Tim Großmüller vom Wählerbündnis »Stabile Bürger Neubrandenburg«, der mit seinem Antrag das Verbot verursacht hatte, enthielt sich bei der jüngsten Abstimmung. Auch eine eigene Beschlussvorlage zog er wieder zurück; derzufolge hätte die Regenbogenflagge abwechselnd mit den Flaggen der Stadt, des Landes und der Deutschlandflagge gehisst werden sollen. Dem »Nordkurier« sagte Großmüller, sein Ziel, dass Oberbürgermeister Silvio Witt (parteilos) gehe, habe er ohnehin erreicht. Witt, der offen schwul lebt, hatte am Tag nach dem Verbot seinen Rücktritt zum 31. Mai 2025 bekanntgegeben. Als Grund dafür nannte er unter anderem persönliche Anfeindungen.
Den Antrag mit dem Bekenntnis zu Toleranz und der Regenbogenfahne reichten insgesamt 26 Vertreter*innen aus mehreren Parteien ein, darunter neben der Fraktion »CDU Plus« auch der Zusammenschluss »SPD/Grüne« und das BSW, das mit der Wählergruppe Bürger für Neubrandenburg (BfN) eine gemeinsame Fraktion gegründet hat. Die Fraktion BSW/BfN war infolge des Flaggenverbots in die Kritik geraten. Mehrere Mitglieder hätten dafür gestimmt oder sich enthalten und so dem Antrag zu einer Mehrheit verholfen, lautete der Vorwurf.

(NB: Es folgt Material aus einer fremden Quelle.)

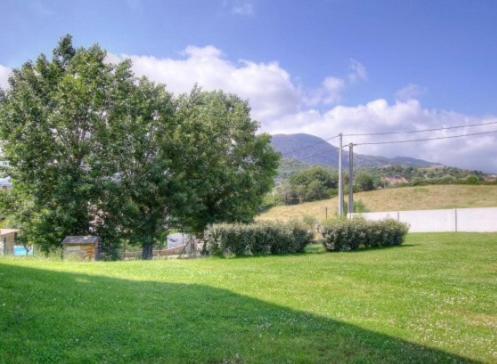 Appartement tranquille en bas de villa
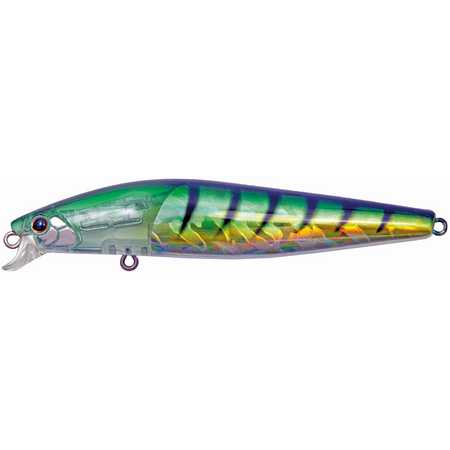 Wobbler Flash Minnow 99F Hot Perch Holo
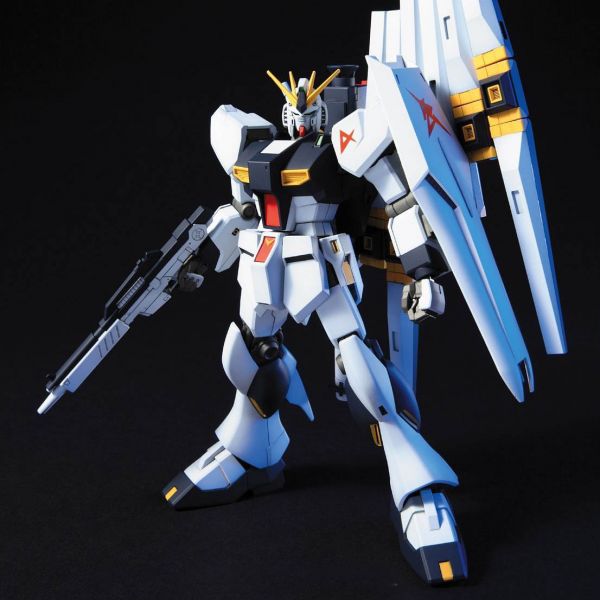 HG RX-93 Nu Gundam (Mobile Suit Gundam: Char's Counterattack) Image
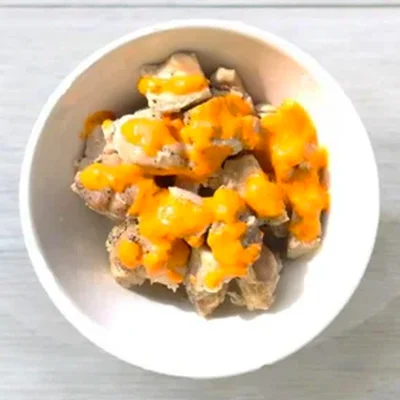 Chicken Piri Piri HIIT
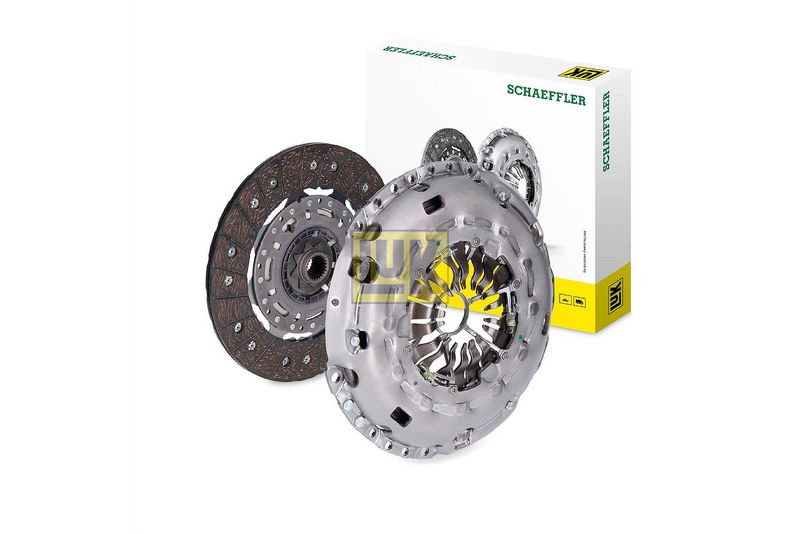 624329709 Schaeffler LuK Kit frizione 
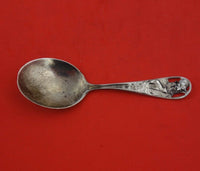 Nursery Rhyme by Various Sterling Silver Baby Spoon Little Bo Peep 3 7/8"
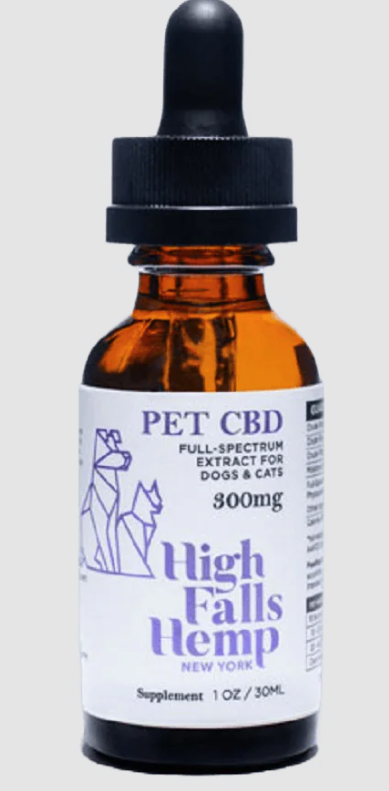 Photograph of product: Small Pet CBD - Tincture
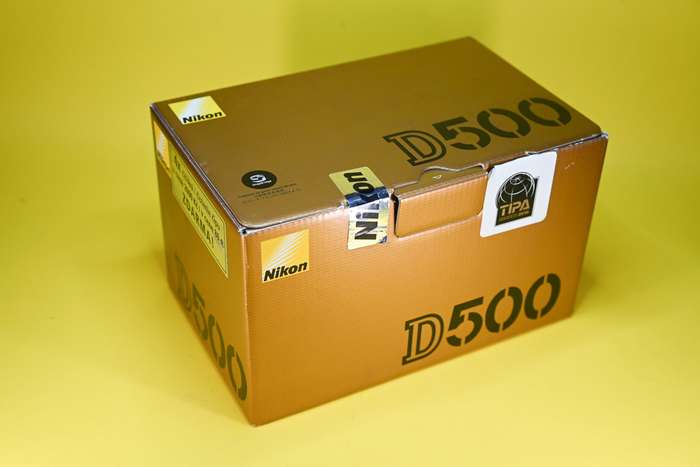 Nikon D500 | 6022581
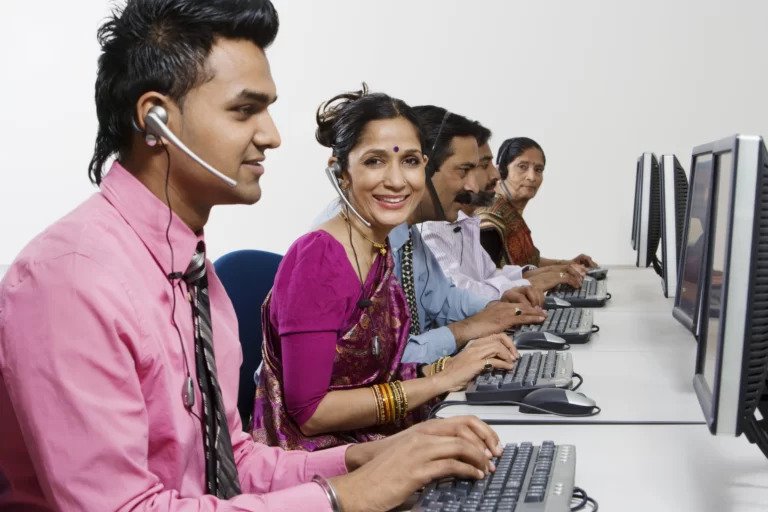 CALL CENTER INDUSTRY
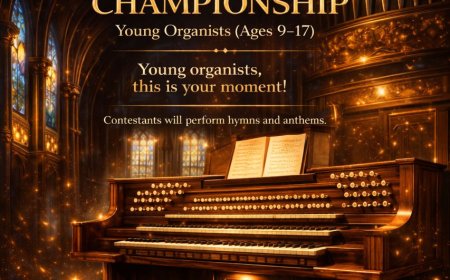 Yomi Africa Presents the Young Talent Championship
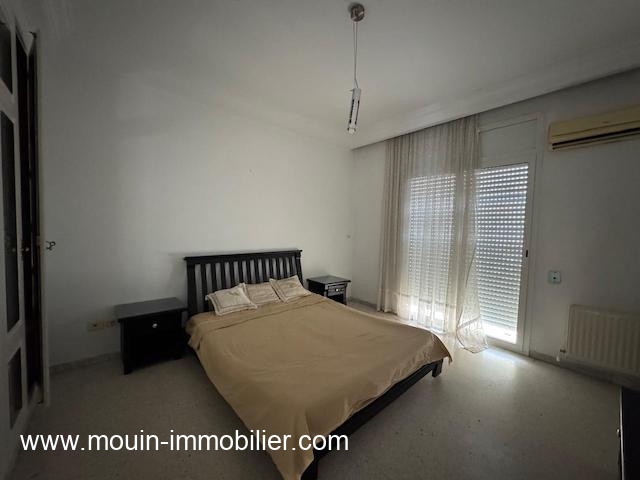 Ariana Ville Cite Ennasr 2 Vente Appart. 4 pices Appartement le muguet ennasr ariana av1873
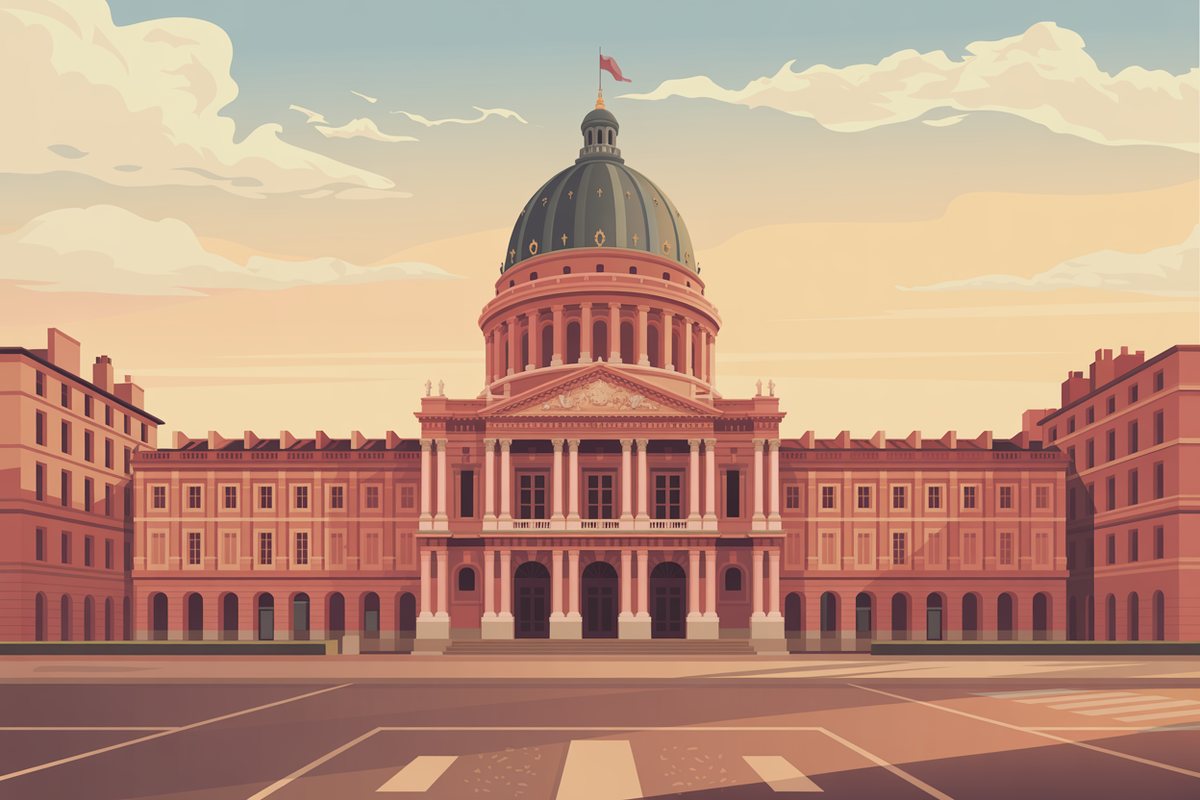 Illustration toulouse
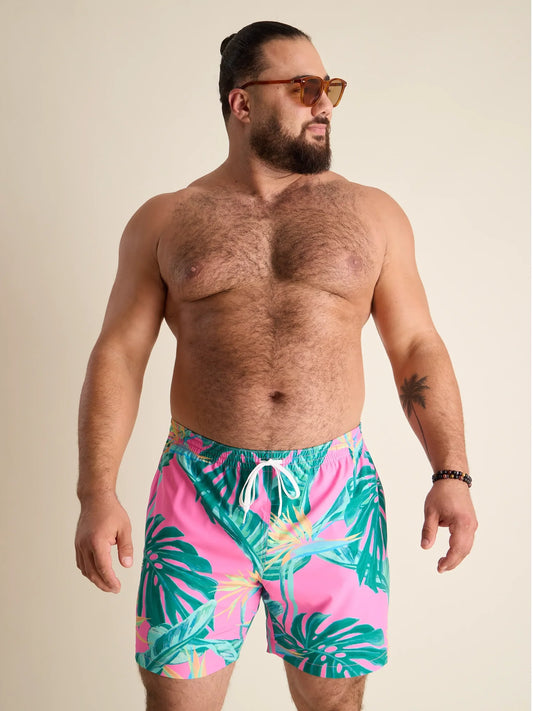 Chubbies Classic Swim Trunk The Birds of Paradises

Marcel Spittel vom Verein queer NB zeigte sich gegenüber »nd« zwar »erfreut über das Signal«, das von dem Beschluss ausgehe. Angesichts der Enthaltungen, Gegenstimmen und des Verhaltens der AfD-Fraktion gab er aber auch zu Bedenken: »Ein klares Bekenntnis sieht anders aus.« Ohnehin sei es beängstigend, dass es überhaupt einen solchen Beschluss brauche. »Das Eintreten für Toleranz und Vielfalt sollte selbstverständlich sein«, so Spittel. »Was angesichts der zunehmenden Gewalt gegen queere Menschen wirklich nötig ist, ist mehr als nur Symbolpolitik. Was wir eigentlich brauchen sind wirksame Maßnahmen, wie die Ausweitung von Beratungsangeboten.«
Auch Noch-Oberbürgermeister Witt stößt sich an dem starken Fokus auf die Flagge. Dieser sei aber nicht von ihm oder der Stadtverwaltung gesetzt worden, sondern von »rechten Populisten«, die der kommunalen Politik damit eine »Regenbogen-Agenda« unterstellen wollten.
Die bunte Fahne ist nicht erst seit ihrem Verbot Thema in Neubrandenburg. Im Sommer 2023 wurde sie ein erstes Mal gestohlen und durch eine Flagge der Hitlerjugend ausgetauscht. Diesen August ersetzten Unbekannte das Symbol für Toleranz durch eine Hakenkreuzfahne. Und auch nachdem im Oktober die Stadtvertretung selbst für das Entfernen gesorgt hatte, entwendeten Unbekannte in Neubrandenburg eine weitere Regenbogenflagge – diesmal am Zentrum des Vereins queer NB, dessen Vorsitzender Marcel Spittel ist.
Vor dem Sitzungssaal demonstrierten am Mittwoch mehrere Dutzend Menschen und überreichten eine Petition mit inzwischen über 40 000 Unterschriften, die fordert, die Regenbogenflagge vor dem Bahnhof wieder aufzuhängen. Neben dem Bekenntnis zu Weltoffenheit und Toleranz konnten sich die Demonstrierenden noch über eine weitere Entscheidung freuen: Einen Antrag zum Genderverbot von Großmüller hat die Stadtvertretung am Mittwochabend mehrheitlich abgelehnt.